Try adding something new and see if it takes.
Comment 75 Ben Matthews 2019-07-08 15:33:11 MDT
Yes, new things seem to take, but there are still some old ones that haven't. Is there a way to fix that short of restarting slurmctld, which I'd really rather not do.
Comment 76 Danny Auble 2019-07-08 15:39:24 MDT
There is a sneaky way to do this.

Try adding an account and then move it's parent.  This will force the entire association tree to be sent.

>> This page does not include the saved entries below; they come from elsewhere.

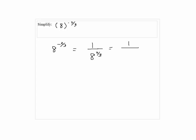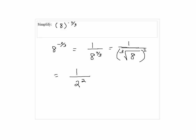Now, 8 to the 2/3rd is 1 over the cube root of 8 squared. The cube root of 8 will be 2, so 2 squared will give us 1 over 4.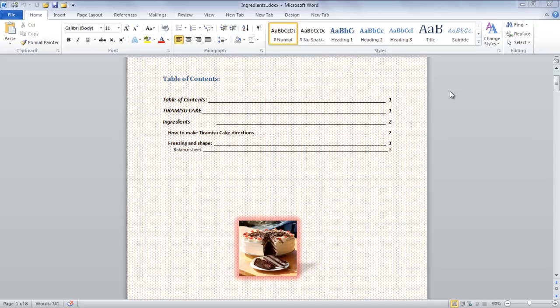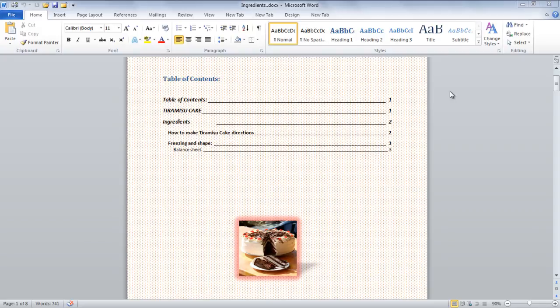In this tutorial, we will teach you how to use a document map or thumbnails in Microsoft Word 2010. Document map helps you to get around long documents easily.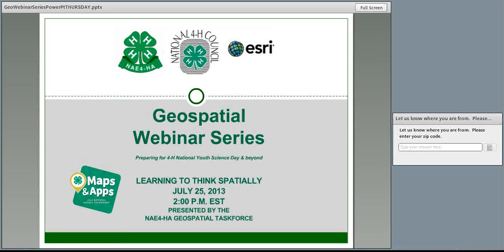Kim Ponn from UMass Extension welcomes everyone to the first of four geospatial webinars — a series preparing for the 2013 4-H National Youth Science Day Experiment and beyond. These webinars are conducted by members of the NAE 4-H Geospatial Task Force in partnership with National 4-H Council and ESRI. Today's topic, Learning to Think Spatially, will be presented by Beth Hack and Christy Fitzpatrick.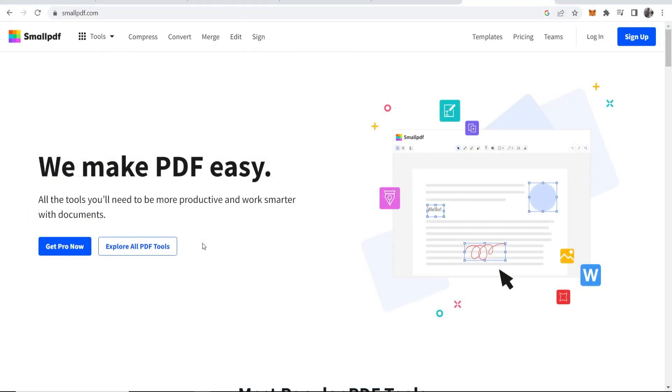There are many ways to do this, but I like to do it on a web app called smallpdf.com. You can go ahead and go to smallpdf.com and it will take you to this window.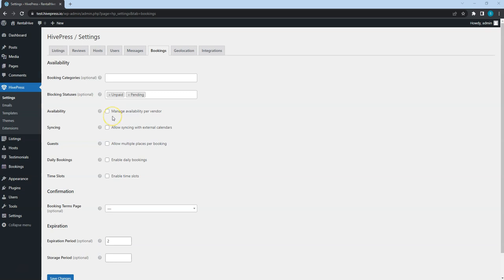By checking this option, you can allow hosts to synchronize their availability calendars with third-party platforms using an iCal URL. For example, if some of your hosts list their properties on Airbnb, they will be able to synchronize their Airbnb calendar. In that way, if someone booked their property on Airbnb, those dates will also be blocked on your website automatically.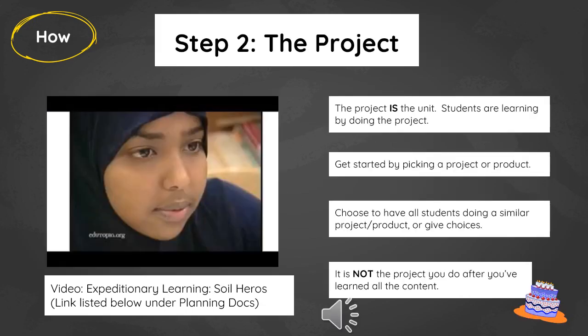Step two is knowing where you want to go, and we usually call this the product or the project. What do you want your students to have done or made by the end of this unit? There is some flexibility depending on your comfort or needs — you might pick one product or project that everybody works on, or you might have students decide what that product or project will look like so they can demonstrate their learning in many different ways. The big mindset shift you might need to make is that the product or the project is the unit — it's not something they're doing at the end.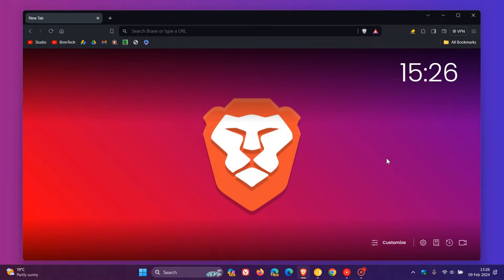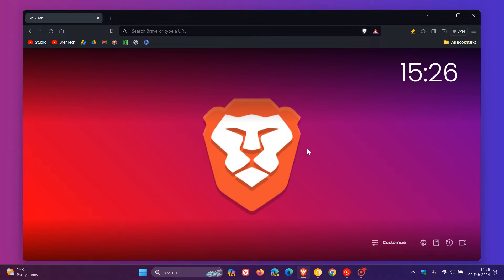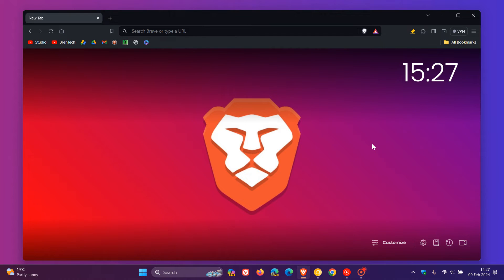So you can now run the stable channel of Brave with better performance and compatibility on ARM devices with this latest update. You don't have to use just Chrome and Edge now. If you are using Brave, you can now use that with better energy consumption, performance, and compatibility on Windows on ARM.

sacctmgr add acct crap parent=p93300301
sacctmgr mod acct crap set parent=root
sacctmgr del acct crap

Should do it.

I completely understand the desire to avoid having to restart the controller.
Comment 77 Ben Matthews 2019-07-08 15:40:15 MDT
Oh, and no, nothing is randomly clearing anything in the DB. We do have a periodic backup, but that's hopefully read-only.

That said, we do

sacctmgr create cluster [] 

Several times per day and let it fail. That way the update script can re-build everything on a completely clean slurm install if necessary. Of course it errors out in the average case, but that hasn't been a problem in the past. We do the same for QoS levels and a few other things. Associations I actually diff and only add if necessary for performance reasons.
Comment 78 Danny Auble 2019-07-08 15:44:57 MDT
When you do your backup make sure you have --single-transaction on.  Without it perhaps you are missing a registration message.

I wouldn't expect

sacctmgr create cluster []

To do anything here either, though I have never really tested doing [] as a cluster name, seems like it works just fine (minus the error from the hostlist code), though it shouldn't affect the other clusters in the database.
Comment 79 Ben Matthews 2019-07-08 15:49:01 MDT
Your suggestion from #76 doesn't seem to have changed anything:

root@slurm:/# scontrol show assoc | grep cermani
UserName=cermani(31686) DefAccount=p93300301 DefWckey= AdminLevel=None
ClusterName=geyser_caldera Account=p93300301 UserName=cermani(31686) Partition= ID=19806
ClusterName=geyser_caldera Account=p93300601 UserName=cermani(31686) Partition= ID=19807
root@slurm:/#


And sorry, I guess I was unclear [] just means I'm being too lazy to type out the full cluster name. The actual call should be:

sacctmgr -i create cluster Geyser_Caldera MaxWall=1-0:0:0
Comment 80 Danny Auble 2019-07-08 16:05:52 MDT
Would you mind sending me any errors from the slurmctld when you did that sequence? I would had expected it to work, but perhaps it only works when the associations exist. You could always remove and then re-add. That was my only real trick to get everything to go over.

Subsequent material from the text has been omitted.